What's the best way to search the fediverse?

Yingwu@lemmy.dbzer0.com · 11 months ago

What's the best way to search the fediverse?

Lovable Sidekick@lemmy.world · 11 months ago

What if search itself were a federated function? Although I’m a software dev I really don’t know much about the mechanics of large-scale search engines such as Google, but I know their server farms somehow share the load of performing searches and maintaining whatever database they maintain to optimize searching. Seems like the fediverse could do search in a similar way. I’m just saying your critique of the idea, although well thought out, seems like a critique of a particular strategy. It’s not obvious to me that the very idea of federated search is outlandish.

Jupiter Rowland@sh.itjust.works · 11 months ago

Still, the issue would be to find all instances of all Fediverse server applications.

I mean, the idea was to cover the whole Fediverse with that search. Literally everything.

Like, imagine I spin up my own instance of Forte on a home server to try it out and see if it already works.

How’s a Fediverse search engine supposed to know about my brand-new Forte instance? Clairvoyance? Hah. A crawler? Yeah, right, as if any crawler out there was fast enough to discover a brand-new instance of something that doesn’t have a running instance at all yet. At least not beyond enclosed, experimental instances detached from the rest of the Fediverse.

I mean, instead of Forte, I could also install what Forte was forked from, namely something colloquially referred to as (streams). Something that intentionally doesn’t have a name, doesn’t have a brand identity, doesn’t have a unified server identifier. Unlike Mastodon whose instances all identify as “mastodon” and Lemmy whose instances all identify as “lemmy” and Hubzilla whose instances all identify as “hubzilla”, (streams) instances don’t all identify the same. That field is customisable. And it has been customised for as long as (streams) has been around. You can’t reliably crawl (streams) instances. Instead of “streams”, they can identify as “y” (because Y is not X) or “get ready to rumbly” (public instance actually) or “bunny of doom” or “diversi spiritus”.

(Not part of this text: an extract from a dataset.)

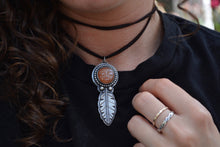 Peach Man in the Moonstone Feather Necklace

In fact, crawlers would have to be able to identify any kind of Fediverse server software. Even if someone has only just forked something, a crawler would be able to recognise it as Fediverse server software. If you hard-code server identifiers into the crawler, it’d be out-of-date as soon as someone decides to fork Mastodon or Misskey or Firefish or Sharkey or whatever again. And, as mentioned above, you can’t crawl (streams) instances by identifier.

It simply is impossible to discover and index the whole Fediverse by crawling, Google-style. And if a Fediverse search engine can’t discover a (streams) instance that identifies as “y”, it can’t index the content coming from the man who created (streams) and Forte and still occasionally develops both. The man who created the oldest still existing Fediverse project, Friendica, as well as the Swiss Army knife of the Fediverse, Hubzilla, and the very concept of nomadic identity. One of the most competent and experienced Fediverse devs ever. A crawler couldn’t find him.

Still, the search engine needs to know all Fediverse instances, right?

Well, if crawling fails, and crawling does fail, there’s only one way to achieve that: Each instance would have to announce its presence to anything that’s supposed to be able to search the Fediverse.

But in order to be able that, each instance would have to know everything that can search the Fediverse. And all instances of it. Every single one of them.

And if it shall announce its existence when it spins up for the first time, it will have to know all these search instances immediately before spinning up.

How can it possibly know them all before even going online itself?

Two options. Either a centralised list of all search instance that’s being updated as soon as a new one is spun up.

But you said, “federated.” As in not centralised.

Or the list would have to be built into the source code as it’s being git pulled from the code repository. In fact, the list would have to be git pulled from the code repository immediately before the server spins up so that it’s up-to-date when the server spins up. This would mean that the whole server software would have to be updated before start-up.

Of course, each Fediverse server software project that’s started from scratch would have to implement this list, otherwise its instances couldn’t be found.

But how is this list supposed to be kept up-to-date?

I mean, let’s suppose what has been spun up here is something that has Fediverse search built in. It itself would have to be added to this list so that other new instances can announce themselves to this new instance, so that it can find them and index their content.

So how is this new search-equipped instance supposed to be added to the list of search instances?

Shall it add itself to the list by manipulating the production code of all Fediverse server applications that have Fediverse search built in? Past the maintainers and without their consent?

Perfect search that covers 100% of the Fediverse has to rely on lists of some kind, that’s clear. The Fediverse changes too quickly to be crawlable. It’s too diverse to be crawlable. And it has server software which itself is inherently uncrawlable because it’s undiscoverable by design.

But such lists are impossible to always be kept up-to-date, too.

Lovable Sidekick@lemmy.world · 11 months ago

Thanks for putting so much time and thought into the discussion. All the problems you talk about exist for every search engine in actual use today. For example, publishing a site on a brand new domain has the exact problem you’re describing with spinning up a new Forte instance. There can be a 24-hr lag before DNS can reliably find the site. Perfect search is an aspirational goal. The realistic goal is to satisfy most needs. No matter how many words you throw at it, I don’t think federated search is an outlandish idea at all.